Naveen Gupta, Global Head of Data Governance & Analytics, Archroma Management GmbH
Analytics capabilities in terms of offerings, results, agility and large data processing has grown many folds. In addition, the offerings are more intuitive, easy to learn with support from so many online trainings, videos and how to guides.
This also expanded the horizon to how easily people can switch from excel pivot tables to more analytical, real time and user designed solutions thus enabling Self Service Analytics.
This had posed a big question on Data Analytics or traditionally Business Intelligence leaders weather Self Service Analytics Is a Boon or a Curse for the organization. Are we prepared to embrace fast moving analytics and cater to data needs of analytics?
In one of my previous experience, we had the same dilemma. Traditional BI approach was always to have requirements written in stone and thrown over the fence and wait for something to come back.
Business did not have access to aggregated data, did not have options to play around with the KPI’s and create what if scenario. As there was lot of requirement and a centralized team, backlog of request was growing and thus leading to long delivery time of the requests. This also impacted the quality as there was pressure to deliver fast which resulted in overlooking some of the aspects such as performance, duplication of KPI in different reports/ analysis, different definition of KPI’s in different reports, missing business ownership. In all leading to wrong information from your BI/Analytic thus creating lack of trust in it.

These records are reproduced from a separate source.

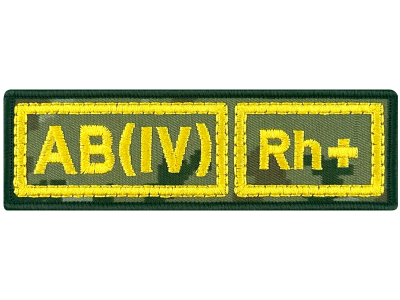 Полоска группа крови ПС AB(IV) Rh+ на цифре тактика.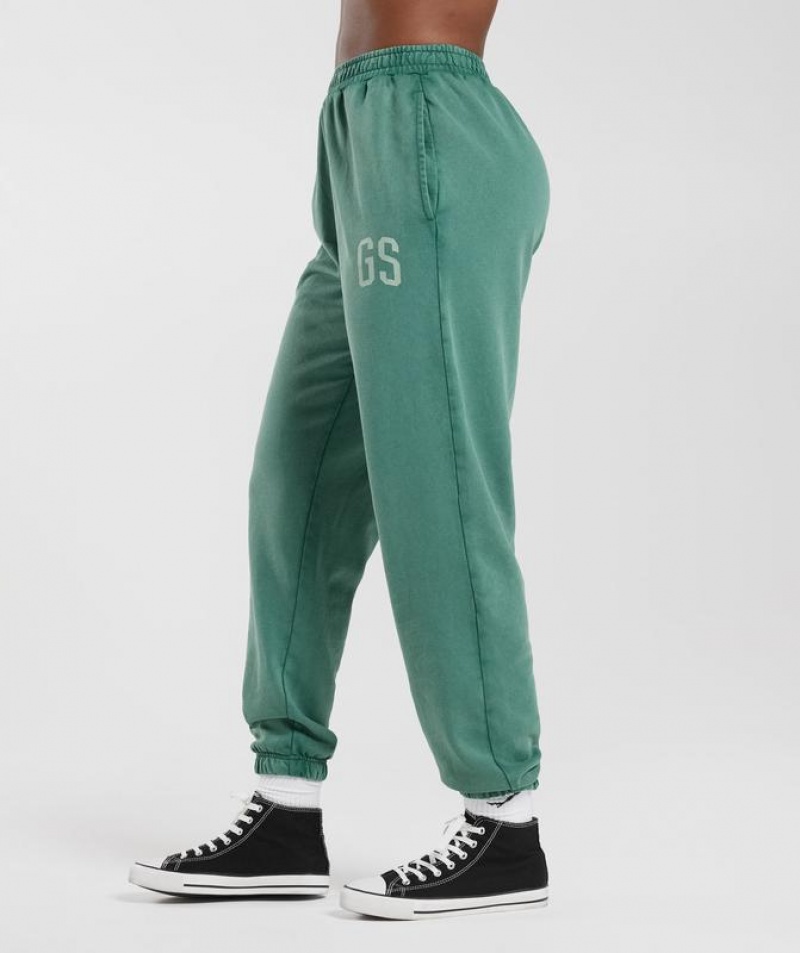 Pantalones Gymshark Collegiate Joggers Ink Teal | GRKMQ6143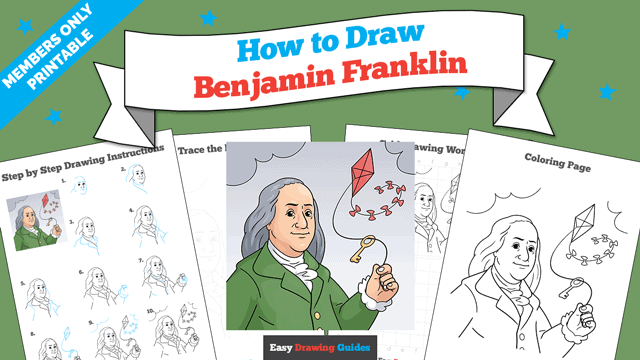 How to Draw Bejamin Franklin Printable Thumbnail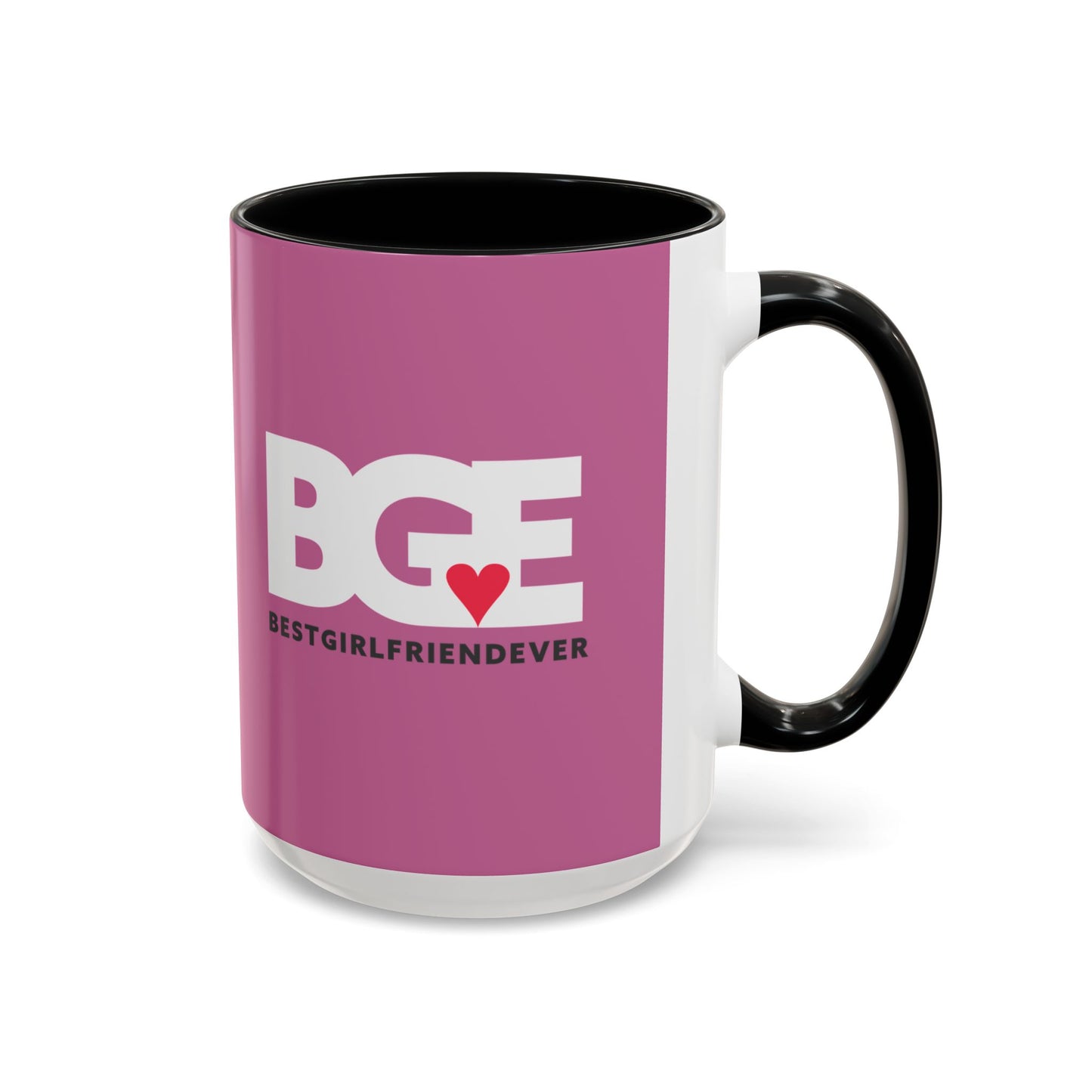 BGE – Best Girlfriend Ever Coffee Mug — Pink Heart Design (11/15 oz)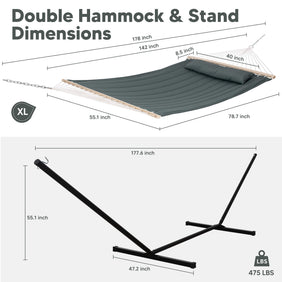 Large Double Quilted Fabric Hammock with 12 Ft/15 Ft Stand & Pillow |SUNCREAT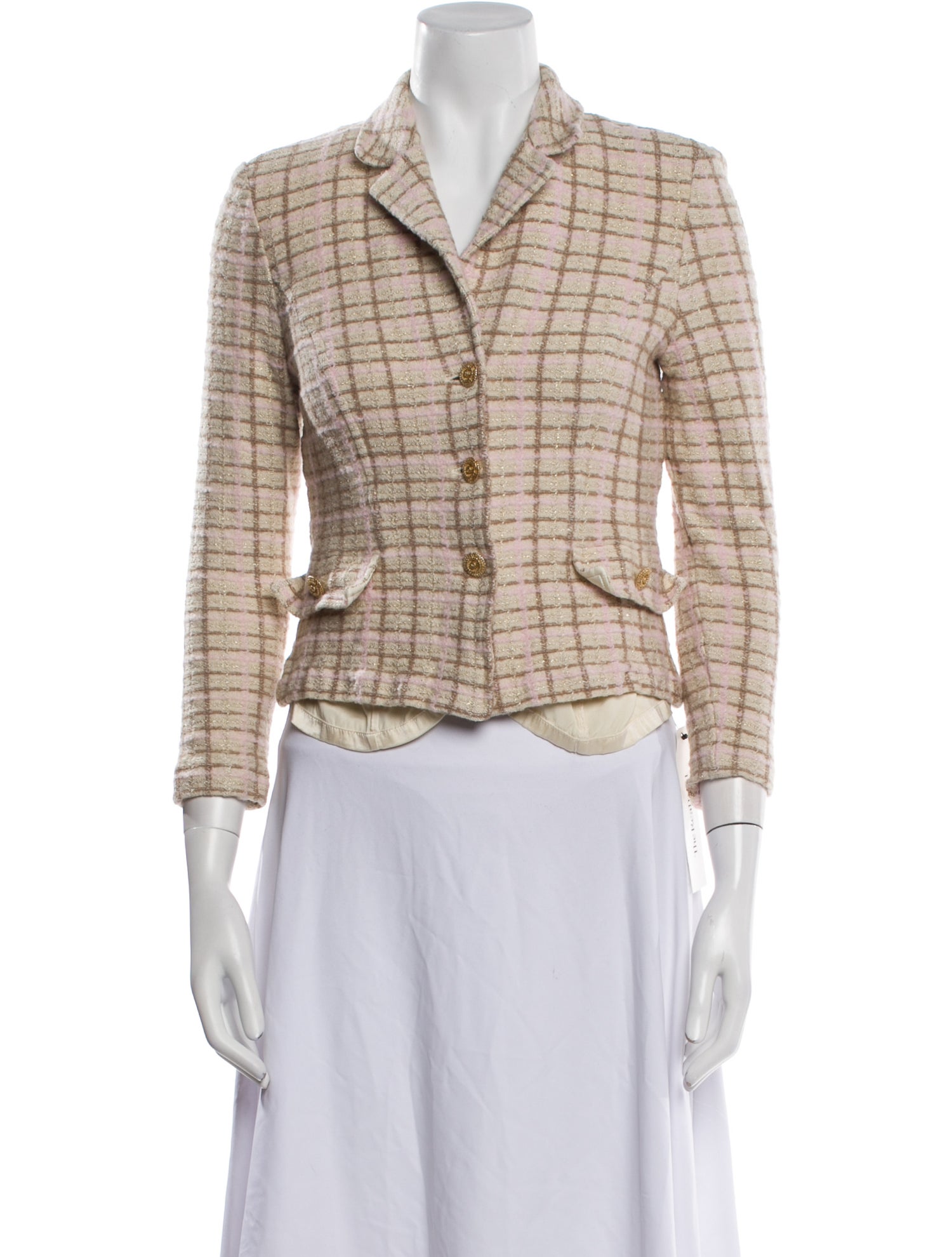 St. John Plaid Print Blazer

Business cannot stop so there was pocket of solutions started to emerge in business where people started to acquire state of art solutions on local level and that created a Tsunami of tools, reports and KPI. There was no governance and there was no way to control the Tsunami.
I would depict the two situations as below:
At that point of time, I came with an approach that these are two extremes end and neither of them are sustainable as well as beneficial for business.
Left is quite rigid and takes all flexibility and agility to market away from us and right is too chaotic and unverified information.
Based on that, I started self-service analytics which was somewhere In between as below:
Easier said then done. What we stated for this approach was to identify people in local business units who were on the far right and enabling and empowering them with data and tools so that they can create their analysis.
These solutions would be then verified centrally and moved to a productive space for broader audience to use. This helped with covering topics such as:
• Trust in data and reports as these were originated within the business
• Collaboration to verify and check the results of analytics more carefully
• Agility as we had more people to provide Inputs, prepare the analysis and even verify them
• Globally verified Information goes into productive environment thus making single source of truth for data and KPI’s
In our case, self service analytics was a curse which we turned upside down to a boon. This was not easy as need lot of collaboration, support and energy to make this happen.
My advice to Data and Analytics leader would be to look for synergies with local business units on what they are doing and make them your allies. Enable and empower them so they can contribute to not only local success but also to global success of the orgnization.